GitBox Thu, 27 Jun 2019 13:36:01 -0700

squito commented on a change in pull request #23677: [SPARK-26755][SCHEDULER] : 
Optimize Spark Scheduler to dequeue speculative tasks…
URL: https://github.com/apache/spark/pull/23677#discussion_r298358439


 ##########
 File path: core/src/main/scala/org/apache/spark/scheduler/TaskSetManager.scala
 ##########
 @@ -158,9 +158,21 @@ private[spark] class TaskSetManager(
   // Set containing all pending tasks (also used as a stack, as above).
   private val allPendingTasks = new ArrayBuffer[Int]
 
-  // Tasks that can be speculated. Since these will be a small fraction of 
total
-  // tasks, we'll just hold them in a HashSet.
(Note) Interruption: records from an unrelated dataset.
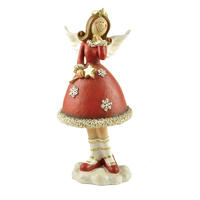 Figurine manufacturers Resin Crafts Cute Red Angel Statue with Star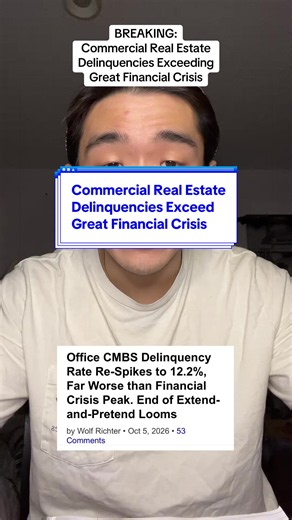 Commercial real estate delinquencies exceed 2008 peak — what it means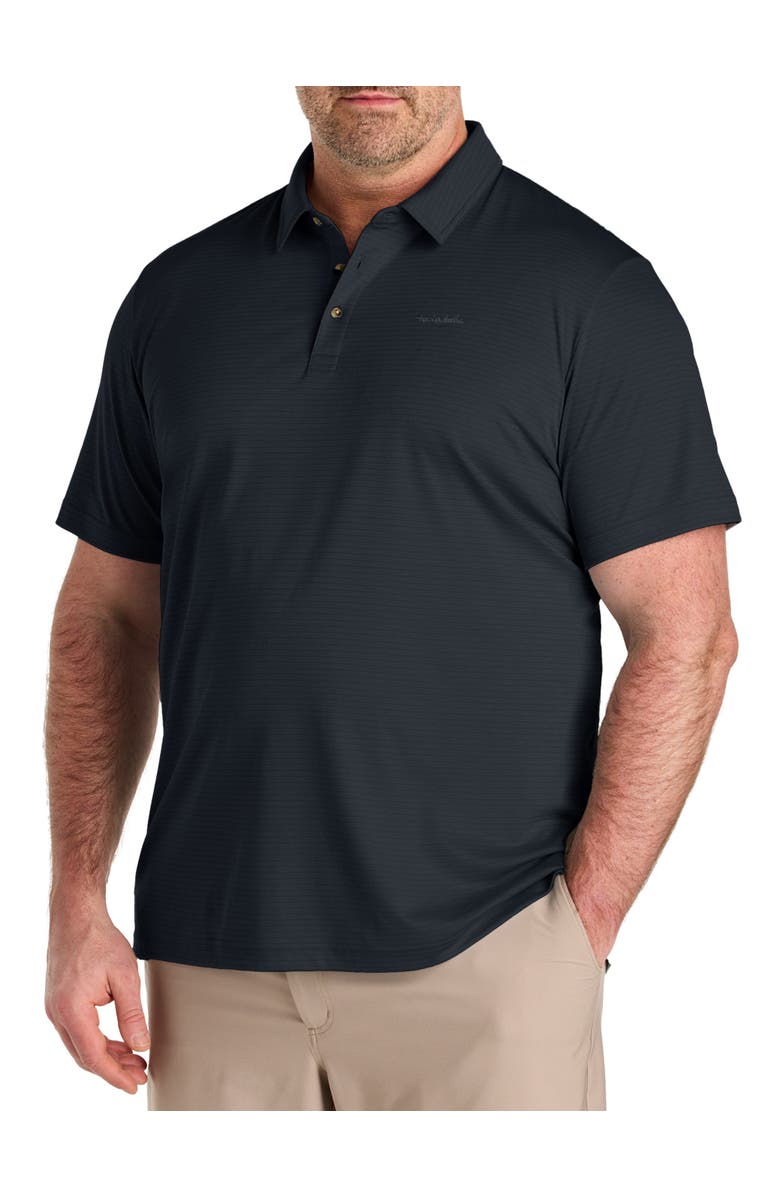 TravisMathew Fit By DXL Big & Tall The Zinna Polo Shirt, Main, color, Black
-  private[scheduler] val speculatableTasks = new HashSet[Int]
+  // Set of pending tasks that can be speculated for each executor.
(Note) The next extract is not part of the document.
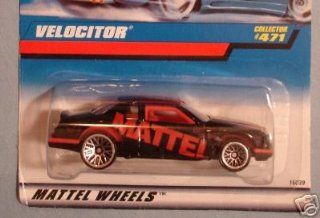 Mattel Hot Wheels 1996 164 Scale Black Velocitor Die Cast Car Collector #471 Toys & Games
+  private[scheduler] var pendingSpeculatableTasksForExecutor =
+    new HashMap[String, HashSet[Int]]
+
+  // Set of pending tasks that can be speculated for each host.
+  private[scheduler] var pendingSpeculatableTasksForHost = new HashMap[String, 
HashSet[Int]]
+
+  // Set of pending tasks that can be speculated with no locality preferences.
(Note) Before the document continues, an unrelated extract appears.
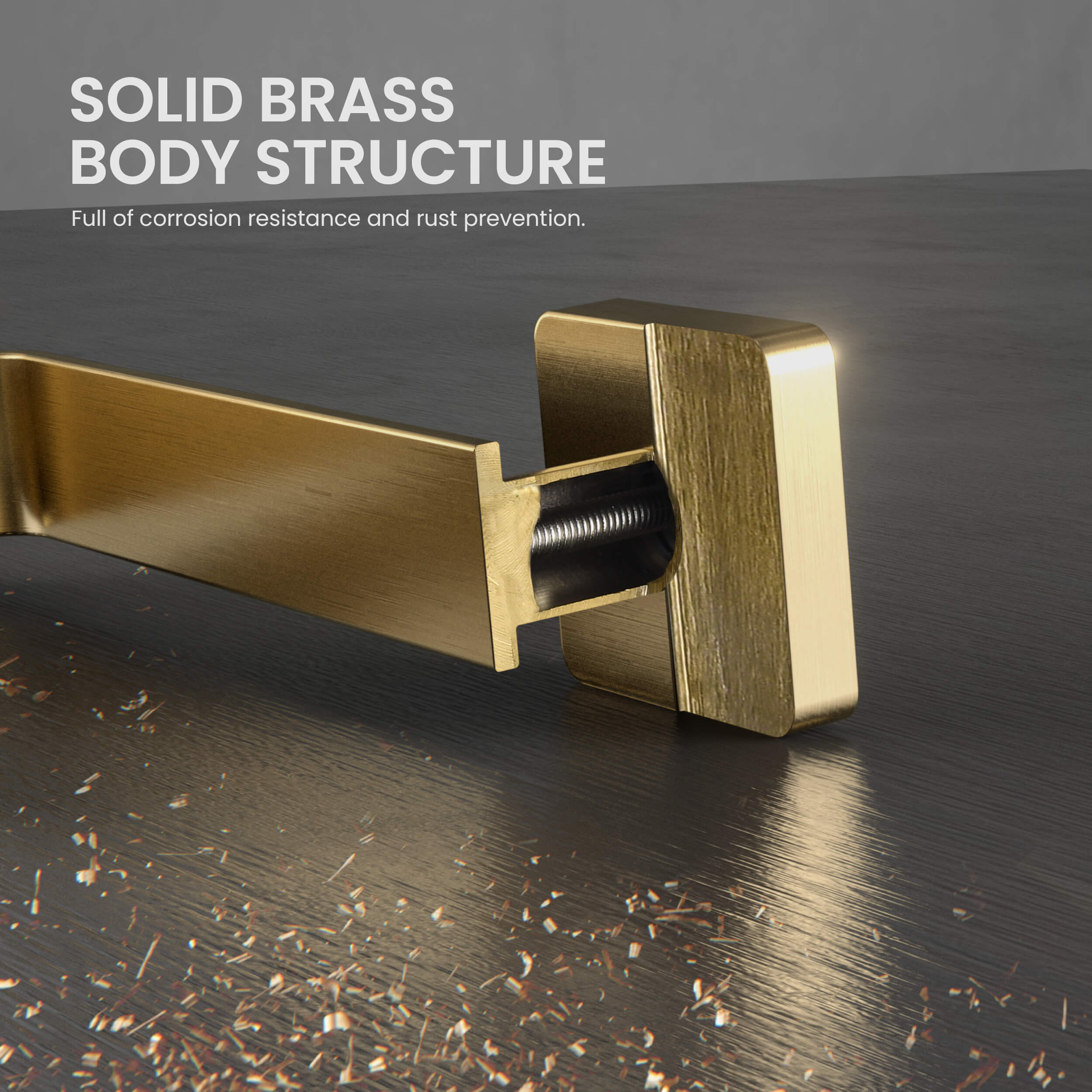 Fusion 10 inch Bathroom Towel Bar - CBA-1603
+  private[scheduler] val pendingSpeculatableTasksWithNoPrefs = new HashSet[Int]
+
+  // Set of pending tasks that can be speculated for each rack.
+  private[scheduler] var pendingSpeculatableTasksForRack = new HashMap[String, 
HashSet[Int]]
+
+  // Set of all pending tasks that can be speculated.
+  private[scheduler] val allPendingSpeculatableTasks = new HashSet[Int]
 
 Review comment:
   overall, this makes a lot of sense.  I see how you're replacing a bunch of 
`O(numSpeculatableTasks)` operations with things specific to tasks targeted at 
each executor, etc., just like the other scheduler methods.
   
   I don't really like how there is so much code duplication between the 
speculative and non-speculative versions, for what seem like minor differences. 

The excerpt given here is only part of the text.